Gebhardt wirkte keineswegs resigniert, als sie das schwierige politische Geschäft auf europäischer Ebene beschrieb. Doch den Zuhörern wurde deutlich, wie die Verschränkung von Zuständigkeiten die Zuordnung politischer Verantwortung nahezu unmöglich macht. Schon lange gibt es dafür einen Begriff: "Politikverflechtung".
Kein Wunder, dass auch Prof. Gert Weisskirchen, außenpolitischer Sprecher der SPD-Bundestagsfraktion große Hoffnungen in den Vertrag von Lissabon setzt, der ein Strukturproblem der Union anpackt. Künftig fällt das Einstimmigkeitsprinzip weg, das die EU in vielen Politikfeldern der Erpressung einzelner Mitgliedsstaaten ausgesetzt hatte. Das vom Volk gewählte Parlament erhält dagegen mehr Rechte.
Dadurch sehe er bessere Chancen, die bislang zu stark kapitalorientierte europäische Integration durch verbesserte Zusammenarbeit auf sozialem Gebiet zu ersetzen. Denn eine starke Europäische Union sei die einzige Chance gegen „neoliberale Globalisierungstrends“, so Weisskirchen. Die Chancen der EU als regionale, zivile Macht würden von außen besser gesehen, als innerhalb der Union selbst.
Schriftliche Arbeitsverträge für alle, Arbeitssicherheit, Mindestlöhne, Dienstleistungsrichtlinie: Gebhardt benannte Erfolge einer sozial ausgerichteten europäischen Politik. Nicht immer sei die europäische Ebene für bürokratische Auswüchse wie bei der Arbeitssicherheit verantwortlich. So habe der nationale Gesetzgeber den verpflichtenden Einsatz von Gabelstaplern für Briefträger festgelegt.
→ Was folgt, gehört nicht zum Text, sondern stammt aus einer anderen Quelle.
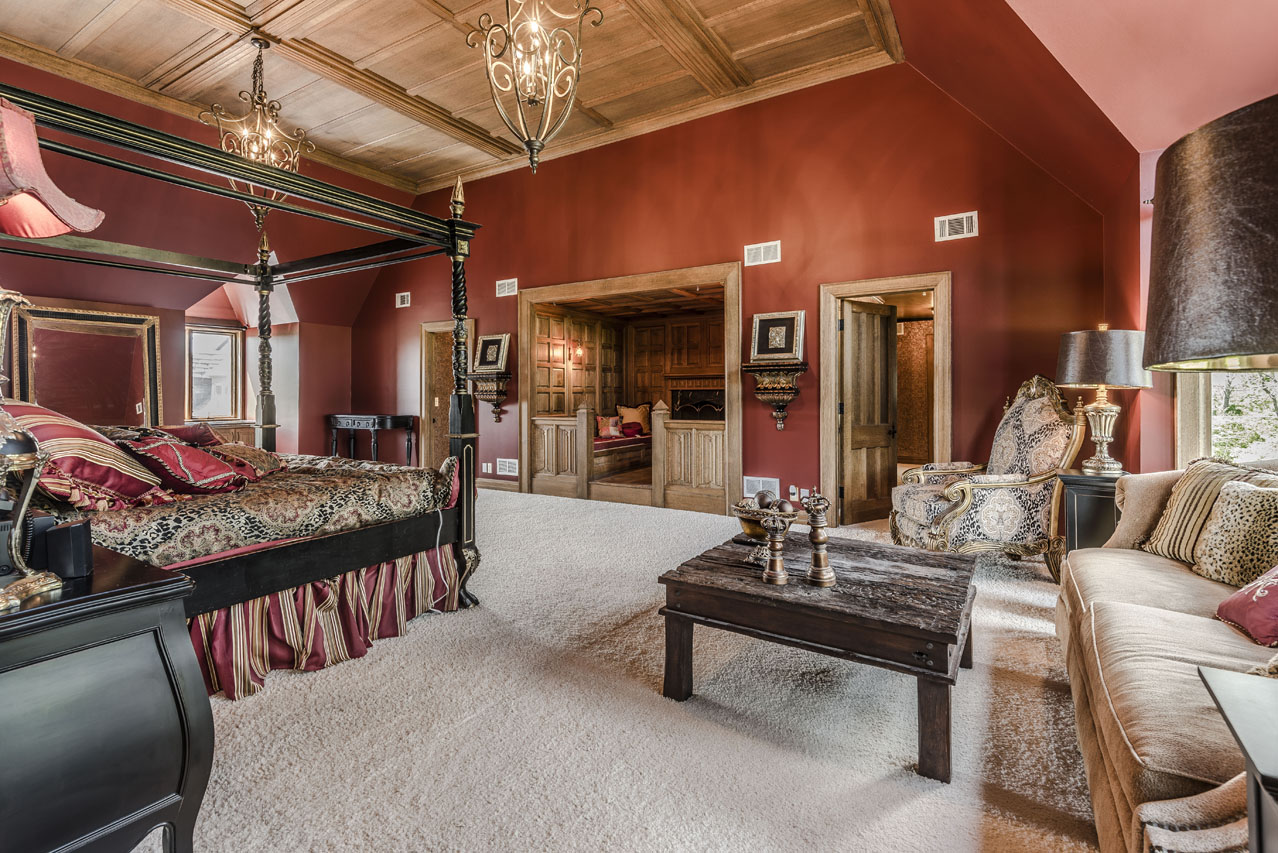 Owner's Suite 1.jpg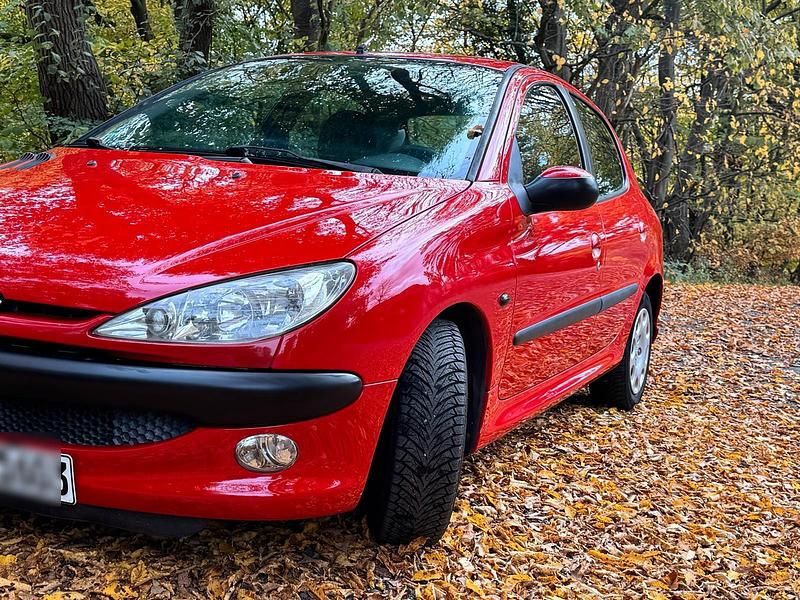 Rot Gebraucht 2005 Peugeot 206 Kleinwagen | 1.449 € (Fairer Preis) - Bild 1/4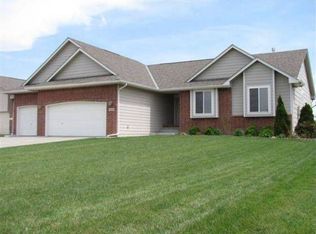 3306 N Lake Ridge St, Wichita, KS 67205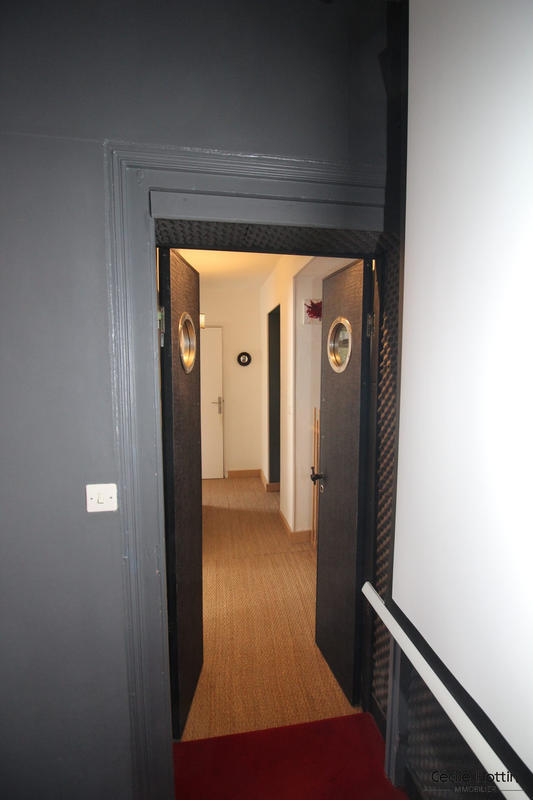 Maison ancienne - 221 m² - 9 pièces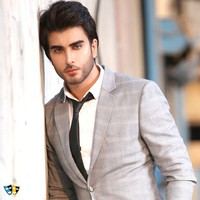 Mari berkenalan dengan Imran Abbas, aktor Korea yang disebut netizen sangat ganteng ini akan menjadi sosok Kapten Yoo Shi Jin yang diperankan Song Joong-ki dalam versi Pakistan seri Descendants of the Sun. Foto: Istimewa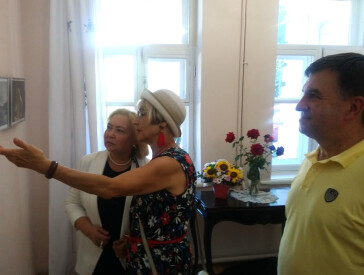 «Black and white» ювіляра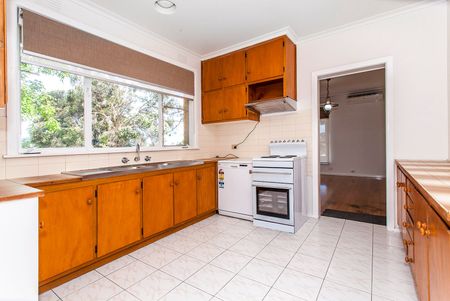 PERFECTLY LOCATED - Photo 2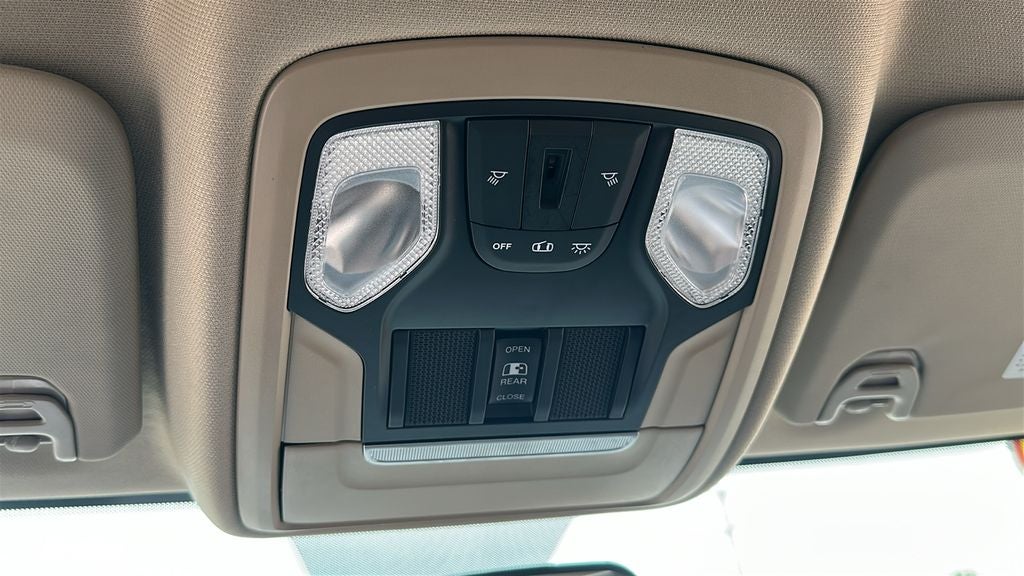 2020 RAM 2500 Tradesman Crew Cab 4x4 6'4' Box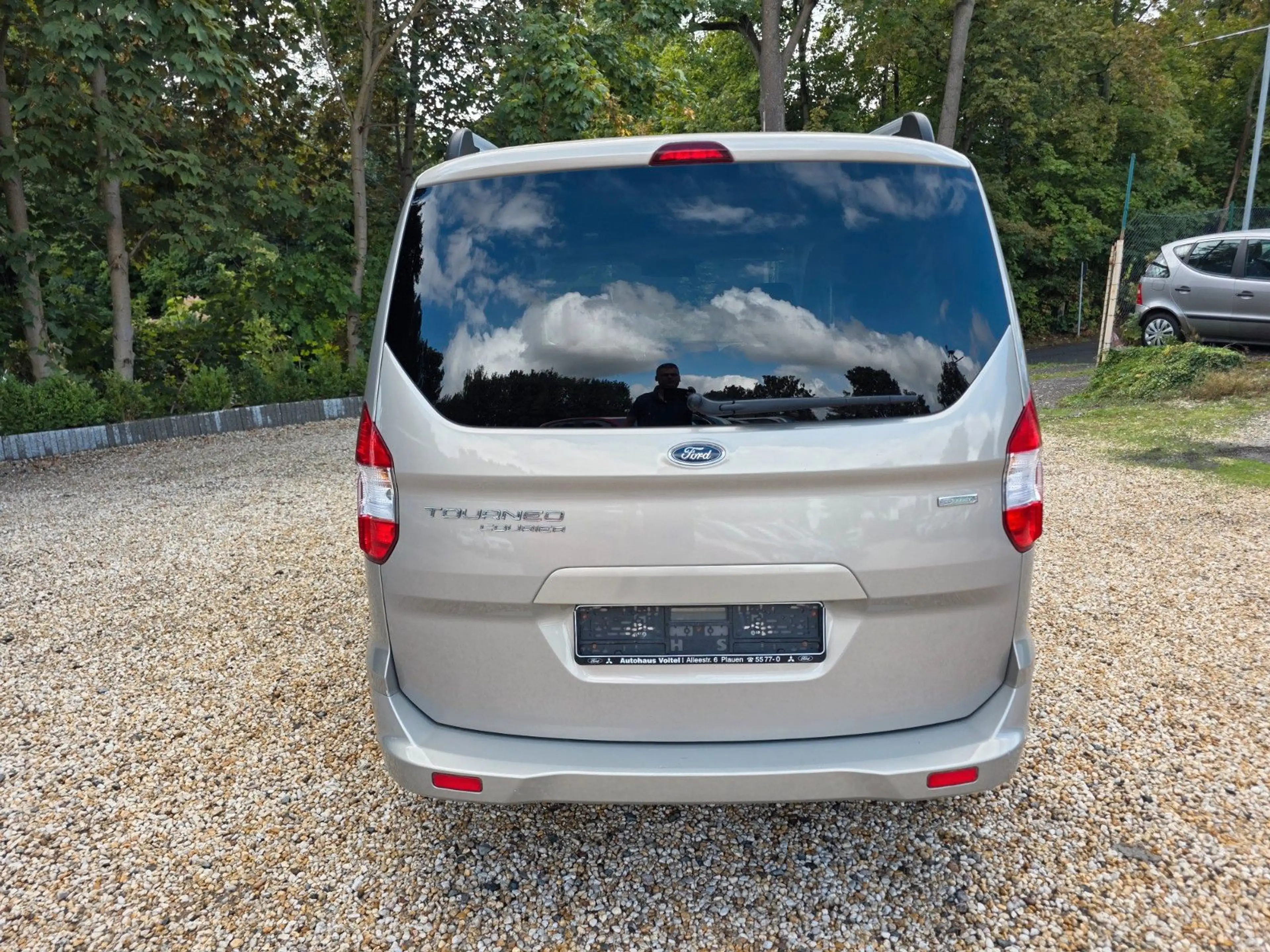 Ford Tourneo Courier Titanium 61733 Km 1Hand — photo 9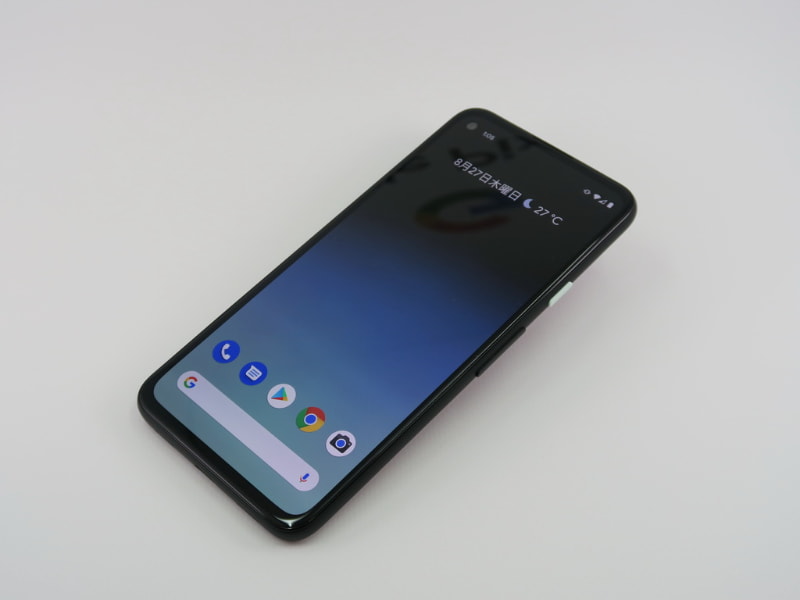 Google「Pixel 4a」、約144mm（高さ）×69.4mm（幅）×8.2mm（厚さ）、約143g（重さ）ブラック（写真）をラインアップ、ソフトバンクでも同一モデルを販売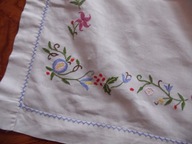 DUŻY OBRUS Z KOLOROWYM HAFTEM RECZNYM, motyw kaszubski - 120 cm x 176 cm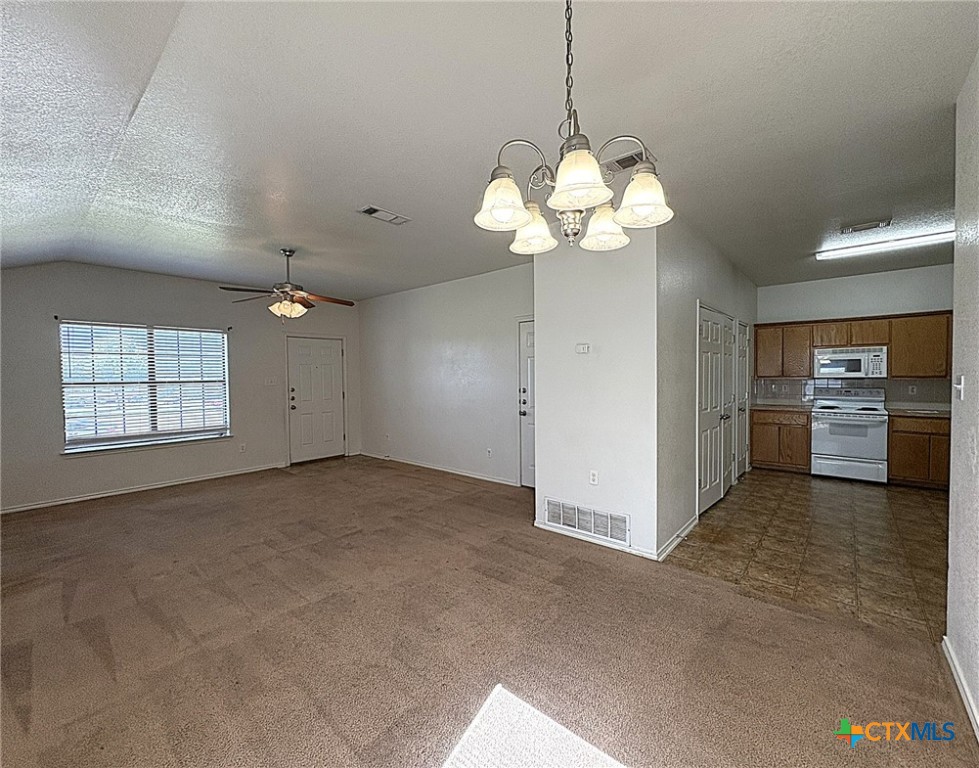 2706 Ashley Drive Property Photo 8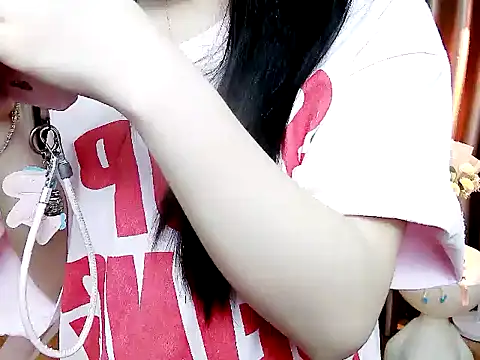 Helen_202 live cam on StripChat
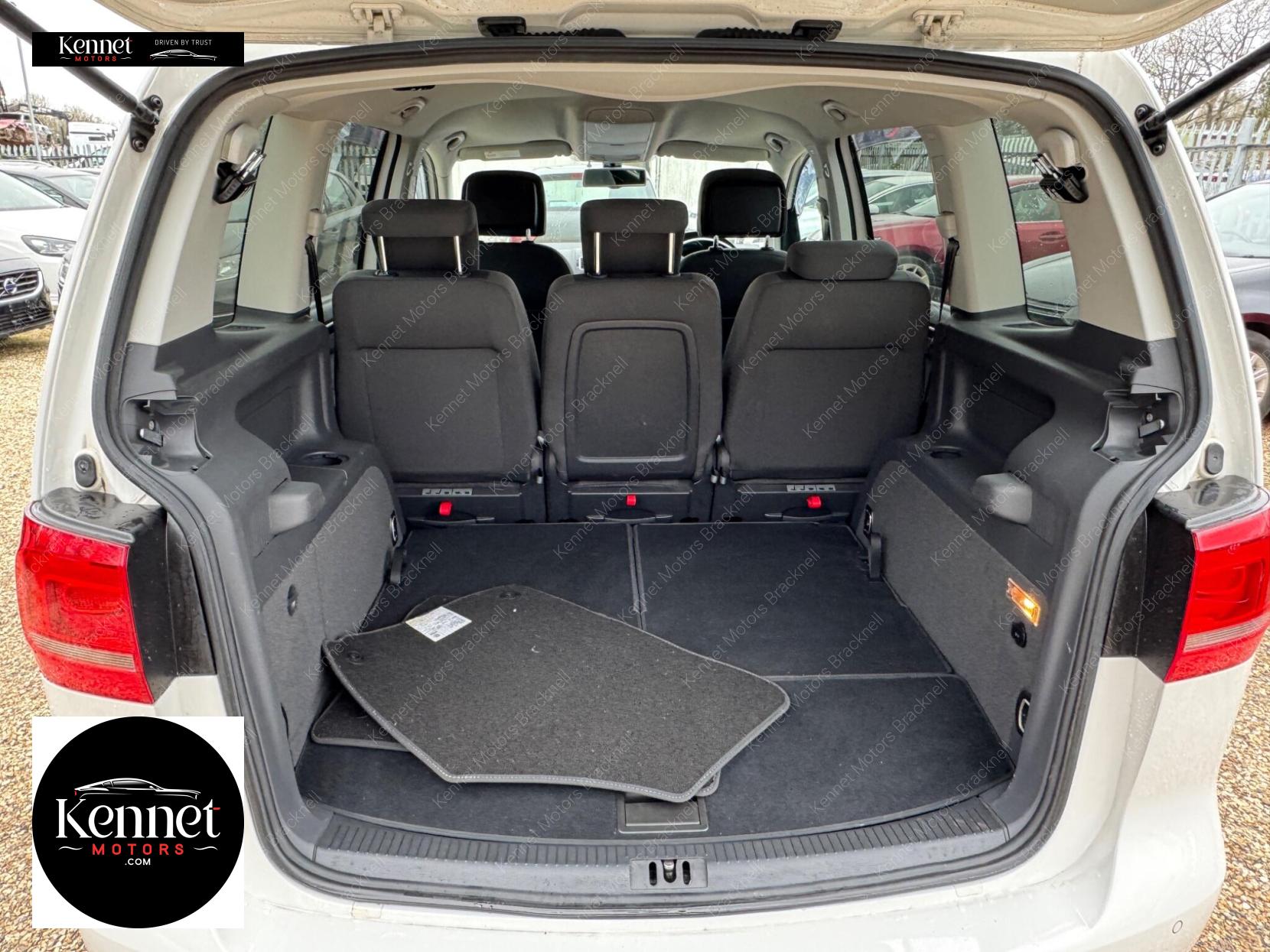 Volkswagen Touran 1.4 TSI SE MPV 5dr Petrol DSG Euro 5 (140 ps)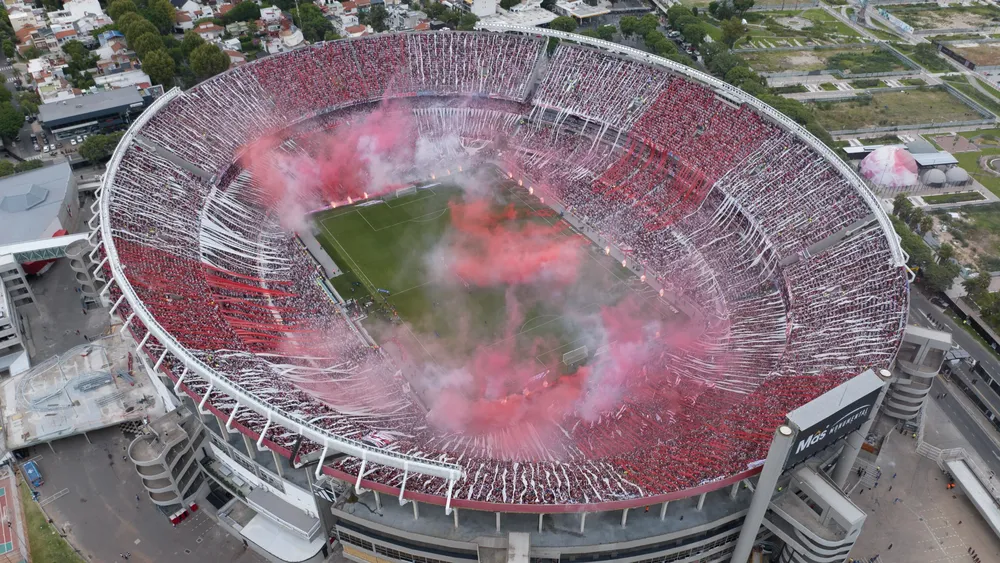 Estadio Monumental River día rojo y blanco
Die verschiedenen europäischen Sozialmodelle seinen so bunt, „die kann man nicht vereinheitlichen“, sagte der Gewerkschafter Frank Zach. Es mache auch keinen Sinn EU-einheitliche Mindestlöhne festzusetzen. Faktisch gebe es ein Europa der zwei Geschwindigkeiten. Gerade den neuen Mitgliedsländern helfe die Union, wirtschaftlich aufzuholen. Daher gebe es dort höhere Wachstumsraten und somit mehr Spielraum für Lohnsteigerungen als in Deutschland oder Frankreich.
Zach berichtete von der europäischen Zusammenarbeit der Gewerkschaften und von Konzernbetriebsräten. Doch oft scheitere diese an Sprachbarrieren. Vermittlung von Sprachkompetenz sei daher europaweit eine der wichtigsten bildungspolitischen Herausforderungen, gerade im beruflichen Schulwesen.
Auch Moderator Peter Friedrich berichtete von einem Erfolg europäischer Betriebsräte: Weil sich die Arbeitnehmervertretungen im Nestlé-Konzern nicht gegeneinander ausspielen ließen, entstanden im Singener Maggi-Werk die produktivsten Arbeitsplätze Europas.
Die Diskussionsrunde fand an einem europapolitisch wichtigen Datum statt, erinnerte Dr. Felix Schmidt vom Fritz-Erler-Forum einleitend. Am 9. Mai 1950 veröffentlichte der französische Außenminister Robert Schuhmann seinen Vorschlag zur Montanunion, dem Grundstein der europäischen Einigung.